Friday, December 31, 2010

156 Lines About 26 Letters: Winnipeg 2010 in Review

Yeah yeah yeah blah blah blah end of year, personal reflections, best-of lists, site traffic ruminations, all that noise. I can get to that stuff later, perhaps.

Similarly, I have a couple of very fine (if I do say so myself) Uptown columns that I'd really like to exposit upon at length, but those too will have to wait.

I'm on a tight schedule, you see; what you are about to read below is entirely time-sensitive. I may later issue a sound recording of the following passages, just so you know where the line structure is supposed to match up, but I wanted to get this out and about in time for people to actually look at it. Who's even slightly interested in 2010 wrapup stuff once we're actually into 2011? Right? Very strict psychological window, here. And I figure I need to get it up and out in the morning, because if I post it in the afternoon you folks won't see it until the evening, and -- let's be honest -- a lot of us are not going to be able to read straight tonight.

So, no time to waste! To commemorate the annum concluded, and to properly bury the previous year of civic affairs, please enjoy the following:

156 Lines About 26 Letters: Winnipeg 2010 in Review.

[---]

A is for Autobin garbage collection
and Assiniboine Avenue changing direction,
both rammed through with the City's usual tact
that takes public input only after the fact.
These are just roads and trash, really not complicated --
but our local bungling can't be overstated.

B is for Blue Bombers, always well versed
in starting with bad football and making it worse,
but their Board seems to believe rebuilding is done
through crackdowns on fans' entrances, drinking, and fun.
The full year of bad decisions soured the masses,
and fans dropped the team. Just like Bowman drops passes.

C is for Concrete Circles cars beware
and for Canwest Corp as it collapsed in despair,
Combat around the Canadian Wheat Board,
"Consultations" our planners clearly ignored,
Curve FM, Crocus, Creswin, Crop failures, gee --
sure seems that 'C' starts every catastrophe.

D, the Downtown, bears its closest relation
to lawless post-apocalypse civ'lization;
landowners plop lit signs in illegal spots
and tear up local parks for surface parking lots.
Even this carte blanche fails to attract marquee sellers;
the suburbs get IKEA, Downtown gets Zellers.

E is for Evan Maud, twenty years old
when the mean old cops stranded him out in the cold,
wearing only some stranger's sweater and a frown
as they dumped him to die on the outskirts of town.
A sad story, t'was true, 'till it turned out he lied;
Public Mischief his charge now for tales falsified.

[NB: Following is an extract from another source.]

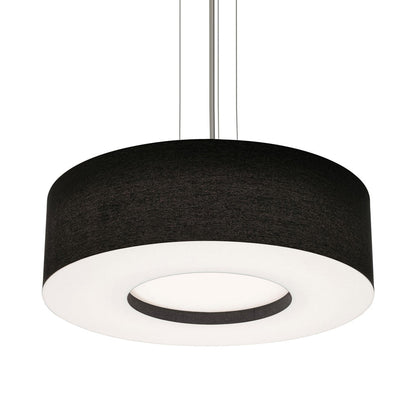 Montclair Pendant Light in Satin Nickel/Black (30-Inch).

F for Fort Richmond, where stadiums go
(after Polo, downtown, and Point Douglas said no)
in a very rare case, an odd Winnipeg quirk:
the one time "Not In My Back Yard" failed to work.
David Asper then received four million in pay,
not to finish the job, but to just go away.

G is for Gold -- Mr. Marty, that is,
who was speedily bounced from the radio biz
through a series of measures so covert and swift
that nobody quite knows how he earned the short shrift.
There has since been scant answer to RRC queries,
but if you'll ask Gold, I'm sure he'll share his theories.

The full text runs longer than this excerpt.